Covid was fully airborne and spread very rapidly between people.
This is not airborne, nor have we seen it spreading between people. All the cases we've seen so far in the States have been from people who were known to be in contact with infected animals.
It certainly warrants further investigation and precautions for those working with livestock, but panic seems like an overreach.
For what it’s worth, it took us like two years into the pandemic to recognize Covid was airborne, after years of claiming it wasn’t. I’m not sure if that was denial, suppression, mutations, or it’s legitimately difficult to determine. I would have a hard time putting much stock in any definitive statements on the mechanism of transmission.
If airborne spread between people were a big threat, you would expect to see some infections in people who did not have known contact with infected animals.
However, I would agree that dismissing the domain experts who asserted that there was good evidence that Covid was airborne right from the early days of the pandemic was problematic in the extreme.
In hindsight, it should have been obvious that airborne spread was a strong possibility as soon as a cruise ship saw Covid continue to spread from cabin to cabin even after locking the passengers down in their cabins.
The categorical denial that airborne spread was even possible was the single biggest failure in public health leadership in decades.
> If airborne spread between people were a big threat, you would expect to see some infections in people who did not have known contact with infected animals.
COVID wasn't airborne in humans either until Dec 2019, then very suddenly it was. The virus didn't come out of thin air, it mutated and gained the ability to spread in humans. One morning the world woke up and there was a new virus with human-to-human transmission.

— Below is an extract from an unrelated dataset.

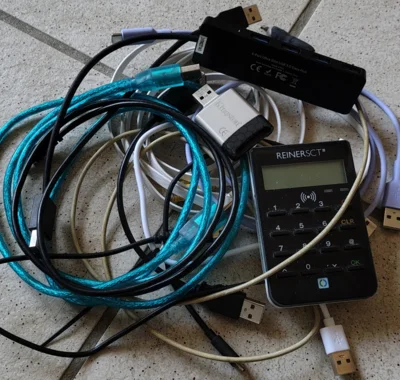 Kabel und Zubehör (Bild vergr&ouml;&szlig;ern)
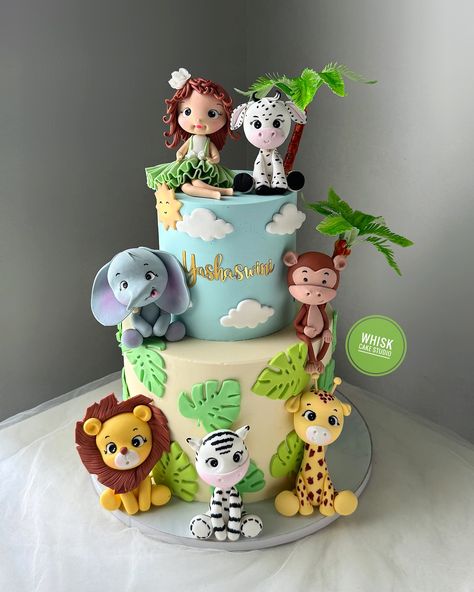 Jungle theme for a girl 👧🏻 Jungle Theme Cake, Jungle Theme Cakes, Bday Decor, Theme Cake, Girl Cake, Jungle Theme, Themed Cakes, Birthday Cakes, A Girl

> Severe acute respiratory syndrome (SARS) is a viral respiratory disease of zoonotic origin caused by the virus SARS-CoV-1, the first identified strain of the SARS-related coronavirus.
In December 2019, a second strain of SARS-CoV was identified: SARS-CoV-2. This strain causes coronavirus disease 2019 (COVID-19), the disease behind the COVID-19 pandemic.
Airborne spread is currently nonexistent in humans, because the H5N1 virus circulating in other mammals right now still lacks the exact right protein to bind to human lung cells. However, all this news about cows is a bit of a distraction. They're being infected in their udders, not their lungs, and that's why they're not dying en masse. Yet.
Sea lions are dying en masse. That's the big news. Because they are spreading it to each other's lungs through the air.
If it adapts to human lung cells it isn't going to be deniable that it's airborne and extremely deadly in that case.
The relevant authorities are currently waiting for that strain to emerge -it's called the pandemic strain- before declaring states of emergency and authorizing vaccines. The reason is that it is (A) unknown if or when that will happen, and (B) unknown whether a vaccine against the current strain which doesn't infect human lungs would be effective against the theoretical future mutant strain that does. Therefore from a public health perspective it's better in large bore to save the resources and not start producing a possibly useless vaccine now.
I spent a long time tracking specific airborne/non-airborne statements by various governments during the first month of covid. It quickly became clear that it boiled down to a semantic argument about what droplet size constituted "airborne-ness". This in turn determined the "safe social distance". I remember hearing ridiculous things about how only viruses like measles are really airborne.
That entire discussion was an absurd comedy, of a piece with the CDC initially saying masks were useless (in an attempt to save the national supply of masks).
In this case, it isn't really questionable that H5N1 is extremely infectious and airborne between and within any species that have epithelial lung cells it has adapted to. So far, that doesn't include humans. The only serious question is how many mutations until it does, and what's the mutation rate in that direction. Additionally, what are the odds that the virus would need to make some trade-off in virulence to mutate to infect human lungs.
From that we can extrapolate an approximate date range in which it will go human to human, globally. Cross that with the readiness and effectiveness of existent vaccine stockpiles and extant solutions for traditional vaccine growth, moderated by limitations on adjuvants, plus possible mRNA vaccines. Take into account that in some species of mammals so far it has a neglibile mortality rate, and in other species it approaches 90% in local populations.
Do that math and it's obvious that governments need to be accelerating pre-pandemic H5N1 vaccines right now, not waiting for the pandemic strain to authorize them.
This is not airborne, nor have we seen it spreading between people. All the cases we've seen so far in the States have been from people who were known to be in contact with infected animals.
It certainly warrants further investigation and precautions for those working with livestock, but panic seems like an overreach.